* **SUPPLIED MATERIAL**:
▼▼▼

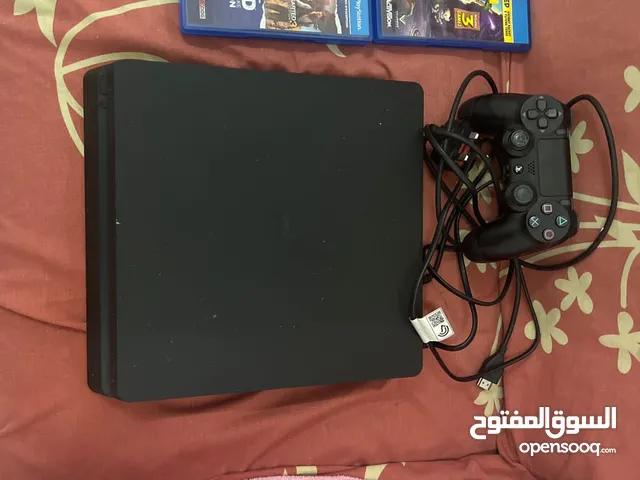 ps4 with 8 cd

▲▲▲
▼▼▼

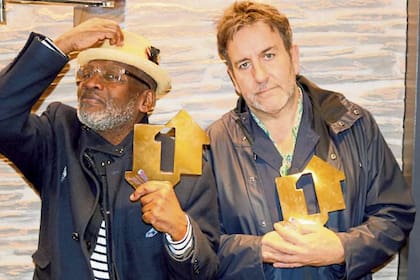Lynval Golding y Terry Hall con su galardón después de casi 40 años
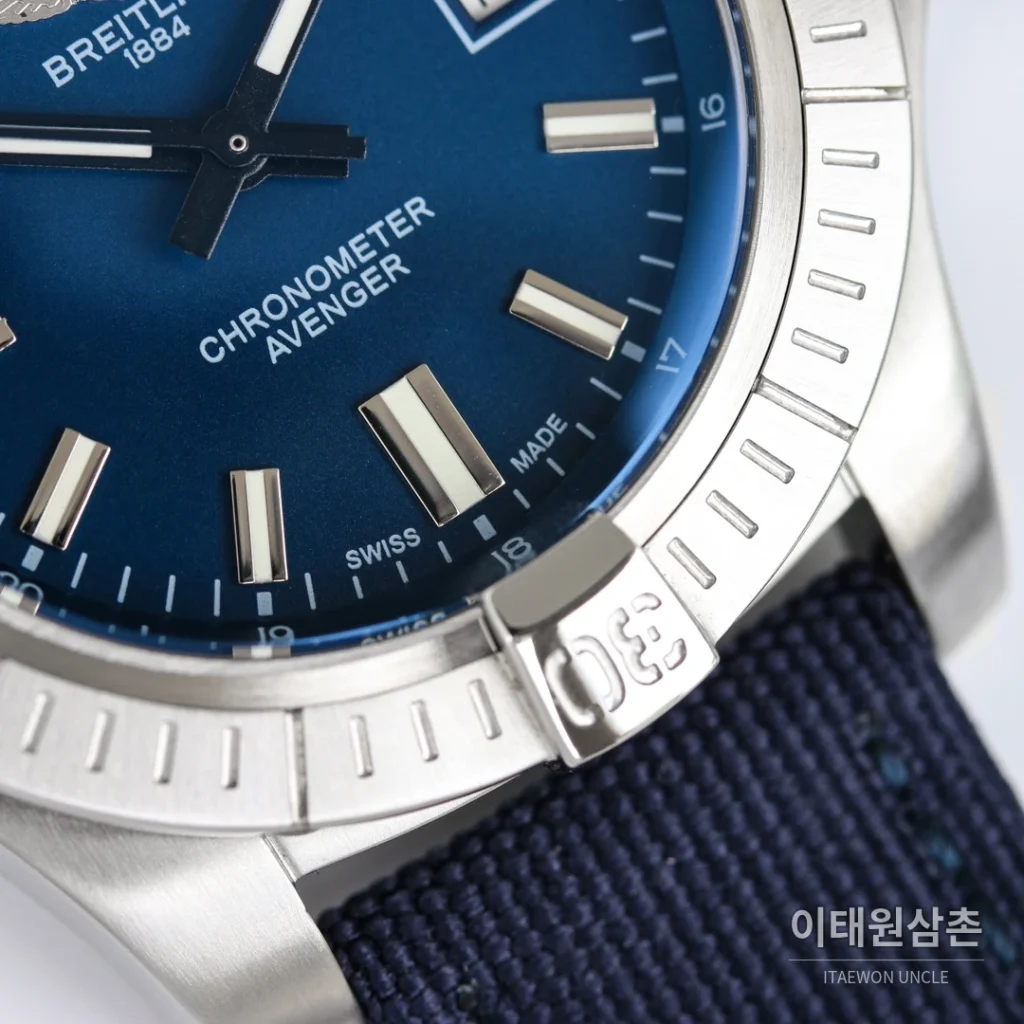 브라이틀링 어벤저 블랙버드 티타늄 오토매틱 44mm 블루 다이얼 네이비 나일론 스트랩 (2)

▲▲▲

* **PROBLEM REQUIREMENTS**: Of the records above, print only the lines from the one containing "Lynval Golding y" through the one containing "브라이틀링 어벤저 블랙버드", inclusive and unaltered, leaving out pictures.

* **TASK ANSWER**:
Lynval Golding y Terry Hall con su galardón después de casi 40 años
 브라이틀링 어벤저 블랙버드 티타늄 오토매틱 44mm 블루 다이얼 네이비 나일론 스트랩 (2)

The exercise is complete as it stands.